EXERCISE: Copy out the full set of records. Keep every word the same.

(RECORDS)

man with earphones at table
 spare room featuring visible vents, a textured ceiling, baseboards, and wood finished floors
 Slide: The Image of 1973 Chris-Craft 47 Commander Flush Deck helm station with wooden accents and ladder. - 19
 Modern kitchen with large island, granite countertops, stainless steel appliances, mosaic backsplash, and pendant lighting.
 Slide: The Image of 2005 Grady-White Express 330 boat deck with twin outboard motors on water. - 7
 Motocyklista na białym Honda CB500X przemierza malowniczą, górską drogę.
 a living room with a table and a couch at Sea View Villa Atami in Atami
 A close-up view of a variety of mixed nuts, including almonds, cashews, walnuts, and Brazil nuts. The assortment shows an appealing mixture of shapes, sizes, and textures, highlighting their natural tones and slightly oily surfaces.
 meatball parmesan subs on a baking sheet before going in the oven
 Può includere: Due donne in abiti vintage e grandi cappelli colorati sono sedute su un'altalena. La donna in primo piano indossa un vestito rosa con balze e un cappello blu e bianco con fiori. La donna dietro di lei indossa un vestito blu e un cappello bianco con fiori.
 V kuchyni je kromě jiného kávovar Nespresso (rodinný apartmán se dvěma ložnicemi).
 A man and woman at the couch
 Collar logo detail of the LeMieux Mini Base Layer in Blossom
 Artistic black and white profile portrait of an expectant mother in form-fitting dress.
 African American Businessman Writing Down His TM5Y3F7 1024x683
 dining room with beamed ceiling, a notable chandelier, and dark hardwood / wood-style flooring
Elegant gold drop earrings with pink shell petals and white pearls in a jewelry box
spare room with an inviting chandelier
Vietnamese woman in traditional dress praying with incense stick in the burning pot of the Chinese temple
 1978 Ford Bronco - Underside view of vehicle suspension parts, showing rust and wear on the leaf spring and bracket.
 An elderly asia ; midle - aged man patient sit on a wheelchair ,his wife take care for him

(End RECORDS)

WRITTEN SOLUTION:
man with earphones at table
 spare room featuring visible vents, a textured ceiling, baseboards, and wood finished floors
 Slide: The Image of 1973 Chris-Craft 47 Commander Flush Deck helm station with wooden accents and ladder. - 19
 Modern kitchen with large island, granite countertops, stainless steel appliances, mosaic backsplash, and pendant lighting.
 Slide: The Image of 2005 Grady-White Express 330 boat deck with twin outboard motors on water. - 7
 Motocyklista na białym Honda CB500X przemierza malowniczą, górską drogę.
 a living room with a table and a couch at Sea View Villa Atami in Atami
 A close-up view of a variety of mixed nuts, including almonds, cashews, walnuts, and Brazil nuts. The assortment shows an appealing mixture of shapes, sizes, and textures, highlighting their natural tones and slightly oily surfaces.
 meatball parmesan subs on a baking sheet before going in the oven
 Può includere: Due donne in abiti vintage e grandi cappelli colorati sono sedute su un'altalena. La donna in primo piano indossa un vestito rosa con balze e un cappello blu e bianco con fiori. La donna dietro di lei indossa un vestito blu e un cappello bianco con fiori.
 V kuchyni je kromě jiného kávovar Nespresso (rodinný apartmán se dvěma ložnicemi).
 A man and woman at the couch
 Collar logo detail of the LeMieux Mini Base Layer in Blossom
 Artistic black and white profile portrait of an expectant mother in form-fitting dress.
 African American Businessman Writing Down His TM5Y3F7 1024x683
 dining room with beamed ceiling, a notable chandelier, and dark hardwood / wood-style flooring
Elegant gold drop earrings with pink shell petals and white pearls in a jewelry box
spare room with an inviting chandelier
Vietnamese woman in traditional dress praying with incense stick in the burning pot of the Chinese temple
 1978 Ford Bronco - Underside view of vehicle suspension parts, showing rust and wear on the leaf spring and bracket.
 An elderly asia ; midle - aged man patient sit on a wheelchair ,his wife take care for him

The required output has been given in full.